+++ SOURCE INFORMATION +++

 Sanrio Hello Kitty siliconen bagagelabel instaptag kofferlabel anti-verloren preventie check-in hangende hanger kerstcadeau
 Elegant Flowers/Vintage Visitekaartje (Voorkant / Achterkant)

+++
+++ SOURCE INFORMATION +++

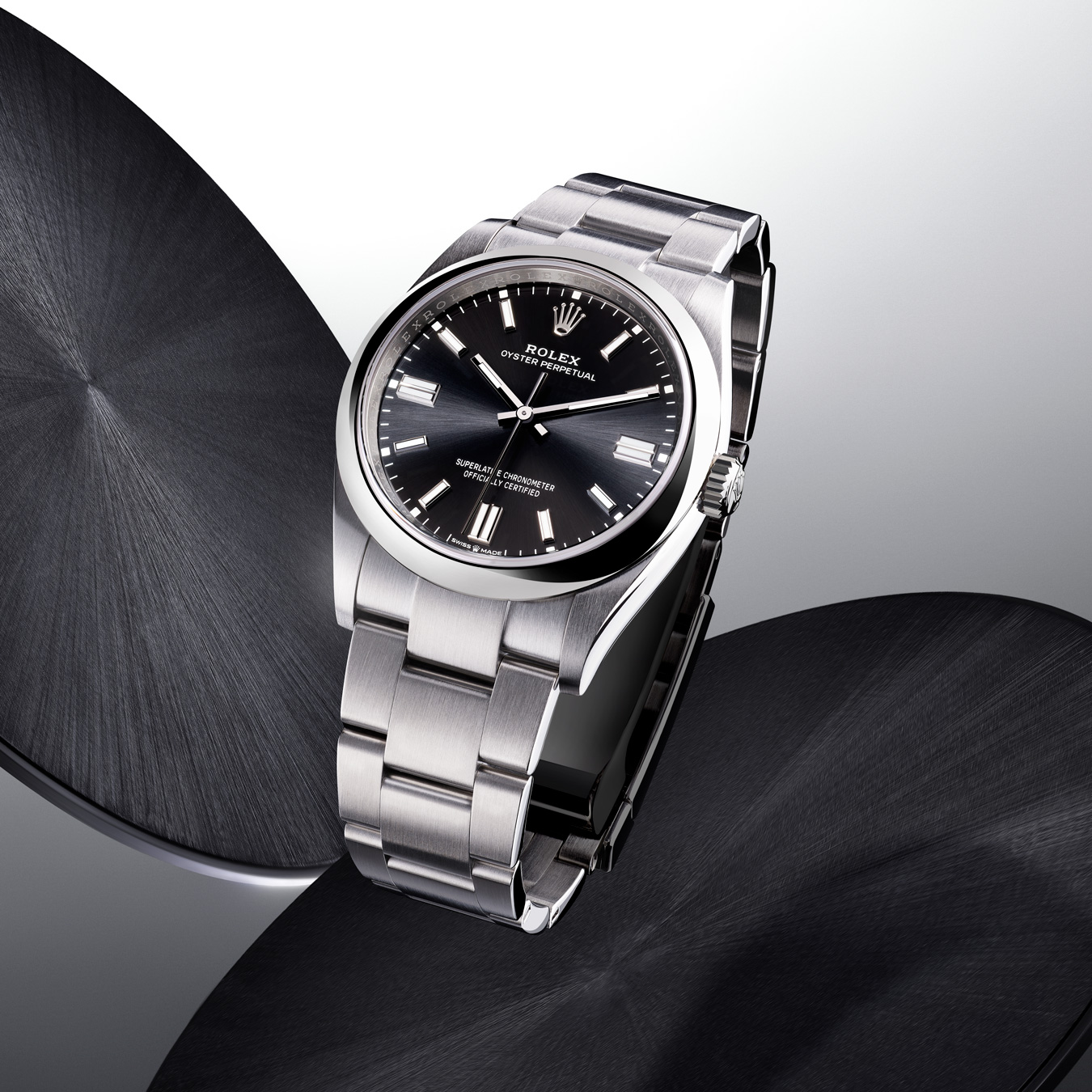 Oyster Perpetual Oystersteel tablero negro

+++

▸ REQUIREMENT:
Write out exactly the lines above from the line with "Sanrio Hello Kitty" through the line with "Elegant Flowers/Vintage Visitekaartje", both of them included, and leave out all other lines.

▸ RESPONSE TO THE TASK:
 Sanrio Hello Kitty siliconen bagagelabel instaptag kofferlabel anti-verloren preventie check-in hangende hanger kerstcadeau
 Elegant Flowers/Vintage Visitekaartje (Voorkant / Achterkant)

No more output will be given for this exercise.